Menendez’s corruption trial and double-digit reelection in 2018 only strengthened his status in New Jersey political circles, despite Democratic primary voter unease. When U.S. Rep. Albio Sires (D-N.J.) retired, Menendez’s son, Rob Menendez, faced virtually no opposition to succeed him in the safely-Democratic district.

“He’s a trailblazer to us. He’s an icon. He’s been there for such a long, long time,” said Hudson County Commissioner Bill O’Dea, a Democrat.
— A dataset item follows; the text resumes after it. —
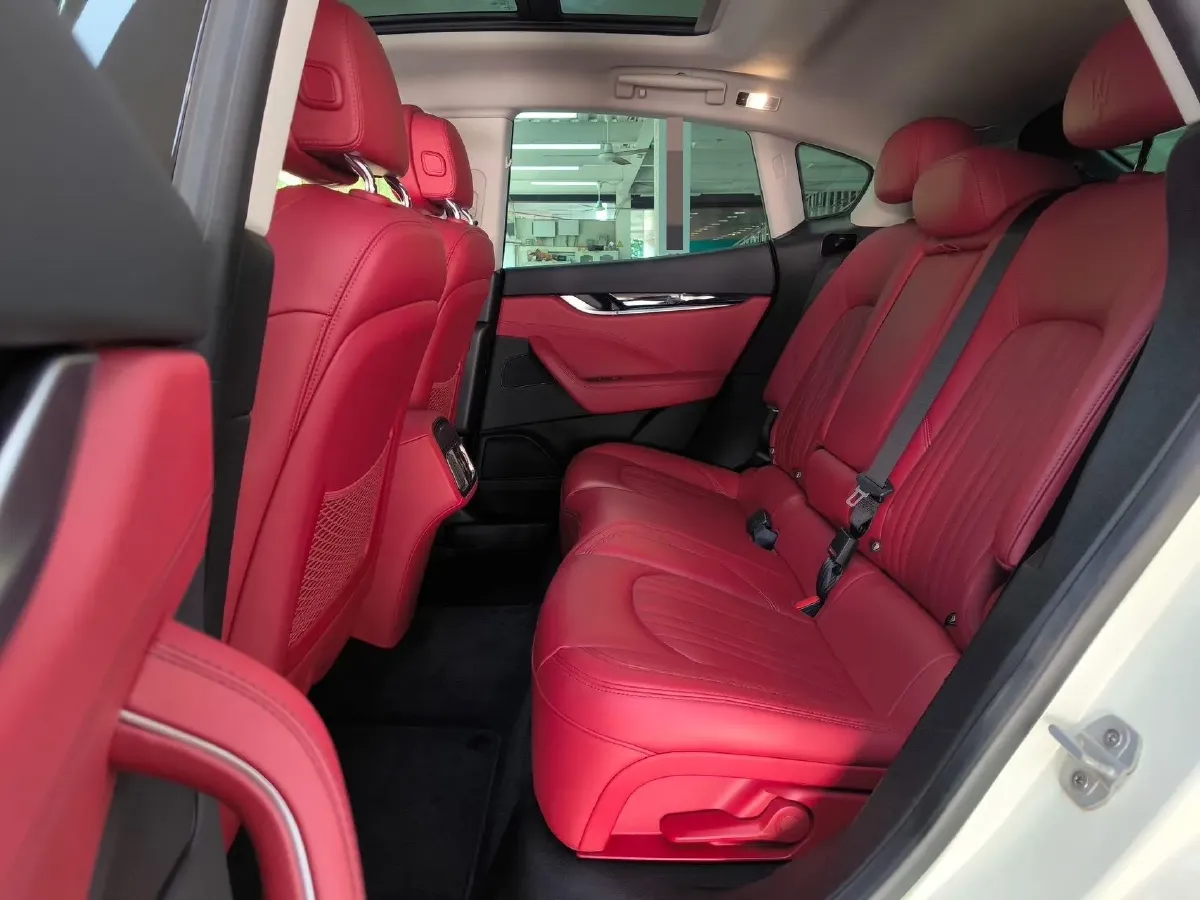 2018 Maserati Levante 3.0T 350HP V6 8AT,autocango,china used car exporter,china ev exporter,chinese used car exporter,chinese used ev exporter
Menendez sympathizers, like O’Dea and even Arango, the Hudson County Republican chair, tend to read political motives into the senator’s prosecution. Both mentioned his foreign policy spats with the Obama administration as potential reasons for his prosecution.

“I think one of the other ulterior motives is there are a couple foreign policy issues that he seemingly stands up against his own party on,” said O’Dea, who has known Menendez for years and received the senator’s endorsement for office in Hudson County. “I never try to guess the motivations of law enforcement, but it certainly seems like they just try to really go after him for some reason, a lot more than a lot of other folks that I’ve known and dealt with in the world of politics.”

Even Hugin, Menendez’s 2018 challenger and the current New Jersey Republican state chair, demurred from criticizing the senator when asked about the investigation. “I don’t really have any particular insight anymore than anyone who reads the press. So I have no grounds to believe there’s anything substantial or substantiated against him or his wife,” Hugin said.

But there is plenty of hand-wringing in New Jersey Democratic circles about uncertainty surrounding the investigation, even if his critics tend to stay quiet given the temper Menendez demonstrated outside the Newark federal courthouse following his mistrial in 2017. (“To those who were digging my political grave so they could jump into my seat,” he said, “I know who you are and I won’t forget you.”)

Former U.S. Sen. Bob Torricelli, who had expressed interest in running for Menendez’s seat if he was convicted, was one of the men Menendez referred to. Torricelli, who said he no longer harbors any political ambitions, was the only Democrat POLITICO reached who was willing to say anything that Menendez could possibly construe as disloyal.

“I’m still here,” Torricelli said. “He knows where I am if he wants me.”